The latter also shows a broad hump in the visible due to the delocalization of electrons in the Au as a result of the plasmonic resonance absorption. The figure also shows a slight increase in the UV absorption of TiO2 incorporating Au nanostructures which could be attributed to the localized plasmonic field and/or to light scattering by Au inside TiO2 film which increases the overall absorption.32 TiO2 has a very limited photoresponse in the visible due to the presence of surface defects.
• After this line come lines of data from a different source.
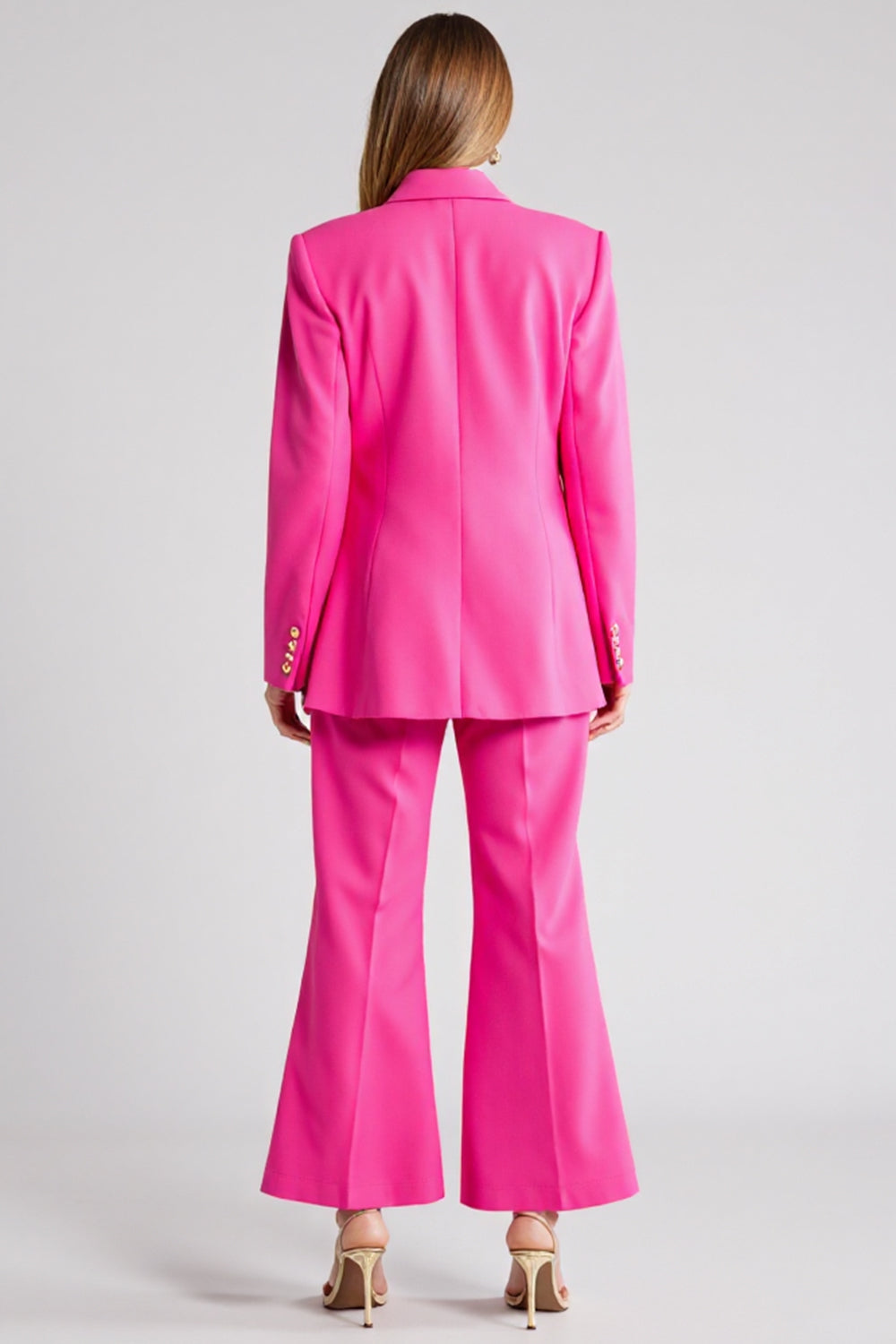 Single Breasted 2 Piece Fuchsia Work Suit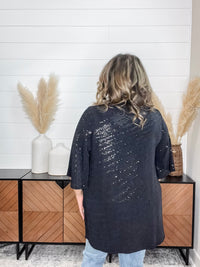 Dear Scarlett "Roosevelt" Short Sleeve Sparkle Cardigan with Double Ruffle Sleeve (Black)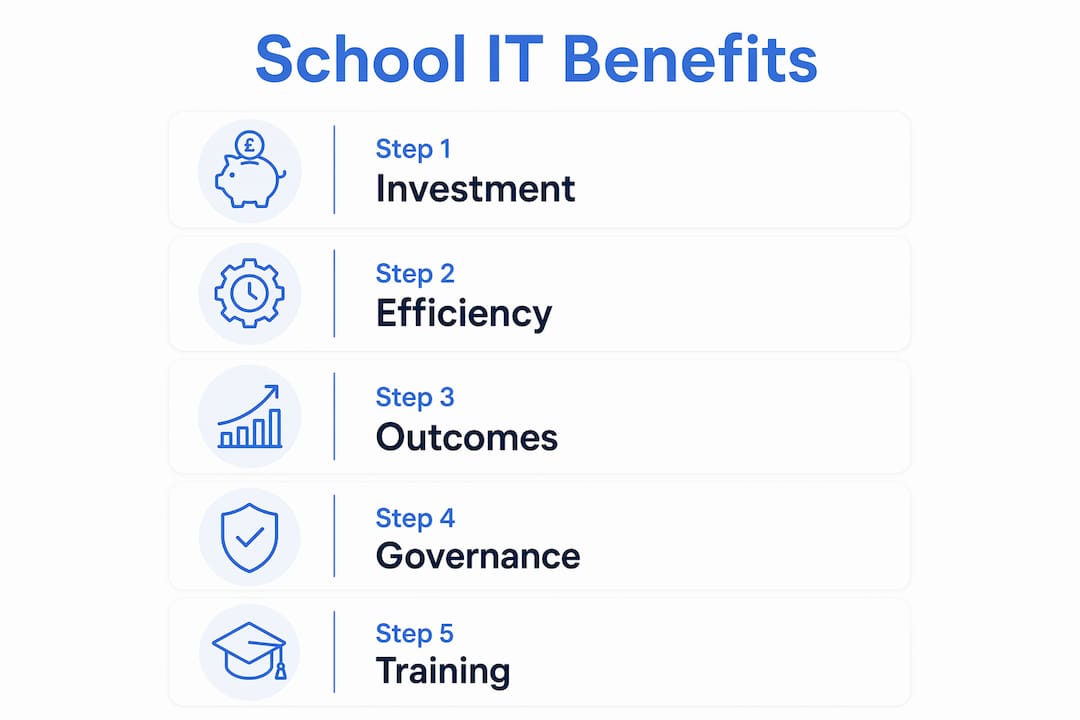 Infographic showing five key steps of school IT benefits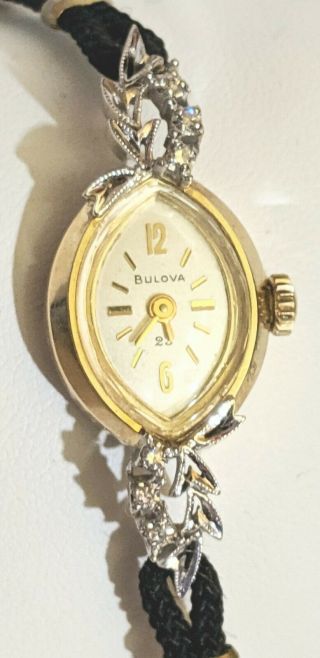 Womans Vintage 23 Jewel Bulova Signed 14k Gold & Diamond Watch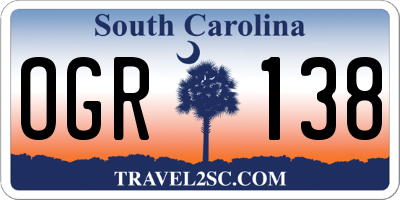 SC license plate OGR138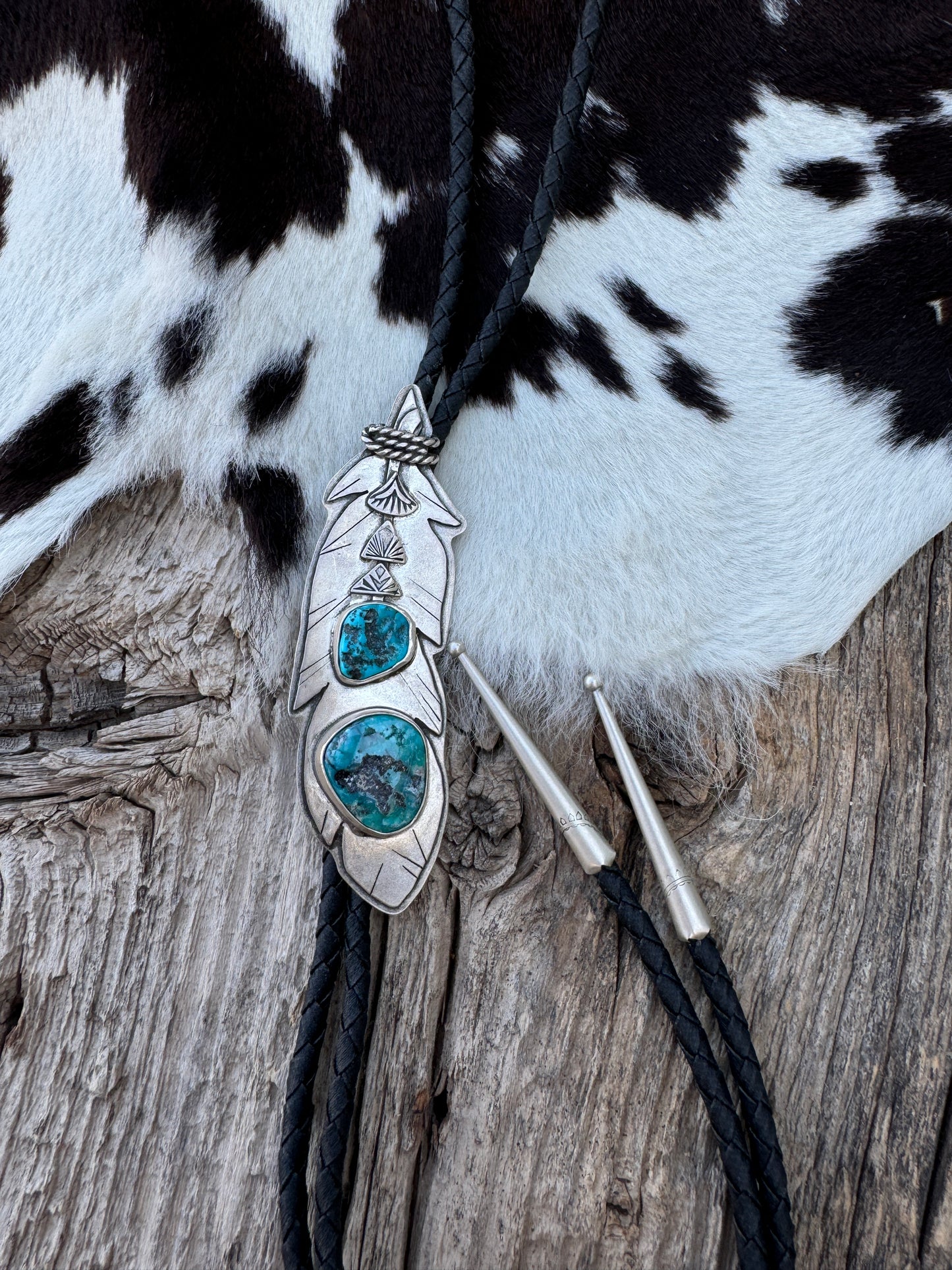 Feather Bolo Tie Natural Turquoise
However, when decorated with Au nanostructures, its photoresponse is tailored and enhanced significantly in the visible as a result of the plasmonic resonance absorption as indicated by the absorption spectrum (blue line) in Fig. 5. The inset shows the plasmonic absorption contribution calculated by subtracting the absorption of TiO2 from the overall absorption spectrum of TiO2:Au. The resonant absorption peak is broadened and red-shifted when combined with TiO2 film compared to its spectrum discussed earlier (the green line in Fig. 4). This is probably due to the difference in the refractive index of TiO2 compared to air which has a significant impact on the optical properties of Au nanostructures.
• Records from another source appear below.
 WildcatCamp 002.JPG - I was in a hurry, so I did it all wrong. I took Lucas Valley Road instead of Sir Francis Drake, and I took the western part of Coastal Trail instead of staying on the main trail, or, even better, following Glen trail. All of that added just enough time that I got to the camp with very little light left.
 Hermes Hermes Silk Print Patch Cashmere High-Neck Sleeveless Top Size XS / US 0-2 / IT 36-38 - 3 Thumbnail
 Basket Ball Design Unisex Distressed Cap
Fig. 6-C shows the temporal variation of the absorption spectrum of MB examined by measuring the UV-Vis absorption of the dye periodically during irradiation in the presence of the hybrid TiO2:Au film as a catalyst. Additionally, a low initial concentration of MB was used and the hybrid film was kept in MB solution for 60 min prior to irradiation to reach the adsorption–desorption equilibrium following Azeez et al.36 The figure inset shows an image of the MB solution before and after irradiation with the laser for 60 min. Fig. 6-D plots the MB absorbance (A), at a wavelength of 664 nm, normalised with respect to the starting absorbance (Ao), with irradiation time up to 60 min, when TiO2:Au (blue line) and TiO2 films (red line) are used as photocatalysts. The photodegradation profile shows a significant reduction in MB concentration, in which about 60% of the dye is degraded with time when the TiO2:Au hybrid photocatalyst is used as a photocatalyst compared to a minor reduction in MB concentration with the TiO2 film. The observed reduction in MB concentration when a TiO2 film is used as a catalyst is observed elsewhere37–39 and attributed to the surface defects which can be photoexcited with photon energy less than the semiconductor bandgap.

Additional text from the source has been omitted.